What is the X-Robots-Tag?
When a browser or a search engine bot requests a resource from your server, the server sends back an HTTP response, which can include various headers. The X-Robots-Tag is one of those headers that gives specific instructions on how search engines crawl and index their pages.
While many of us are familiar with the traditional robots.txt file or the robots meta tag that you can place in the HTML of a webpage, the X-Robots-Tag works a bit differently. It allows you to apply indexing instructions at the HTTP header level, which is useful for non-HTML files like PDFs, images, and other media types.
An example of what the HTTP response with the X-Robots-Tag may look like:
HTTP/1.1 200 OK
Date: Tue, 23 Oct 2024 10:32:20 GMT
Content-encoding: gzip
(…)
X-Robots-Tag: noindex
(…)
Is the X-Robots-Tag Important?
The X-Robots-Tag provides a level of control that traditional methods can’t always achieve. For example, let’s say you have a downloadable PDF that you don’t want to appear in search results. By using the X-Robots-Tag, you can set it to noindex, nofollow for that specific file. This way, search engines will crawl the page but recognise that they should neither index the document or follow any links within it.
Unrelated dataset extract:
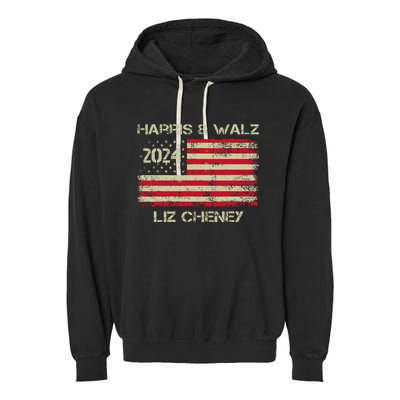 Harris Walz Cheney 2024 Thank You Liz Democracy Election Garment-Dyed Fleece Hoodie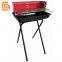 Charcoal Barbecue Grill Rectangle Outdoor BBQ Grill With Red Windshield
Here are a few reasons why it’s important:
- Enhanced Control: It gives you more precise control over how search engines interact with different types of content on your site.
- Preventing Duplicate Content: If you have multiple versions of the same content, you can use the X-Robots-Tag to prevent indexing of duplicates, which can help avoid penalties from search engines.
- Optimising Crawl Budget: By instructing search engines not to crawl certain pages or resources, you can ensure that your crawl budget is used effectively on your most important content.